Note: Support of Persistent Volumes is going to be released soon.
When enabled by the remote GPUs Service Provider, pods running on the GPU can be accessed only from the public Internet by creating a Kubernetes Service in your local cluster with type=LoadBalancer
and loadBalancerClass=k8s.gpu
as in the following example:
apiVersion: v1
kind: Service
metadata:
name: inference
spec:
loadBalancerClass: k8s.gpu # Maake sure to use this loadBalancerClass.
ports:
- name: http
port: 80
protocol: TCP
targetPort: 8080
selector:
run: inference # This selector must match the Pod label
sessionAffinity: None
type: LoadBalancer
Make sure in your cluster, there are no other Load Balancer Controllers, eg. MetalLB, listening for the same
loadBalancerClass=k8s.gpu
. Any default load balancer implementation from Public Cloud Providers should ignore Services that set this field.
The HTTPS endpoint is in the form of ${service.metadata.uid}-${tenant.metadata.name}.cloud.provider.tld
where cloud.provider.tld
is the FQDN of the remote GPU Service Provider.
Once the service is created, it should appears as this:
$ kubectl get svc
NAME TYPE CLUSTER-IP EXTERNAL-IP PORT(S) AGE
inference LoadBalancer 10.32.1.166 8d0a8f33-e9f9-434a-b3de-9ae58ac9de76-skg00000.cloud.provider.tld 80:31466/TCP 3m
You can access the pod from public internet:
$ curl -k https://8d0a8f33-e9f9-434a-b3de-9ae58ac9de76-skg00000.cloud.provider.tld
It works!
If you want do that, make sure you have your authentication in place!
The K8sGPU is a work-in-progress solution.

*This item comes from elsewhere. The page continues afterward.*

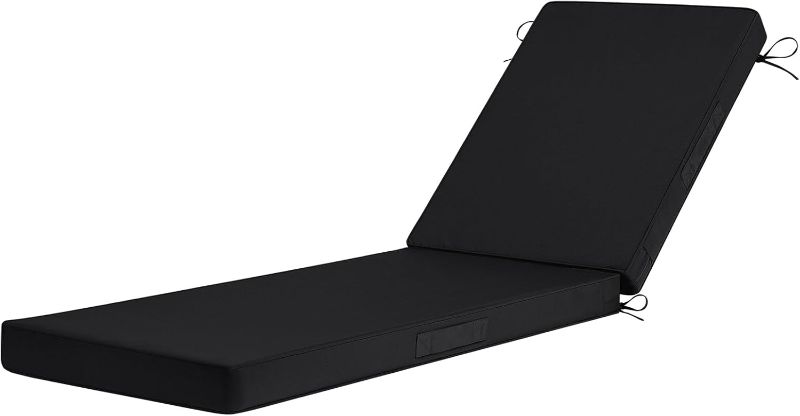 Photo 1 of Basic Beyond Chaise Lounge Cushions Outdoor, 3-Layer Waterproof Outdoor Furniture Cushions with Removable Cover and 4 Ties, 72"x21"x3" Patio Lounge Chair Cushions for Outdoor Furniture, Black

As with many new technologies, it can be improved over time. Currently, the following limitations apply:
- Pods cannot mount local storage
- Pods cannot access other local services running in your cluster
- Pods cannot be exposed on the local cluster
- Pods cannot violate the Pod Security Standard Baseline profile.
Pods running on the virtual node can be inspected as usual:
$ kubectl describe pod stable-diffusion-pod
Logs are also collected:
$ kubectl logs -f stable-diffusion-pod
It is possible to exec into the pod:
$ kubectl exec -it stable-diffusion-pod -- bash
If a pod is not scheduled, make sure you have set the resource requests and limits according to the assigned RuntimeClass.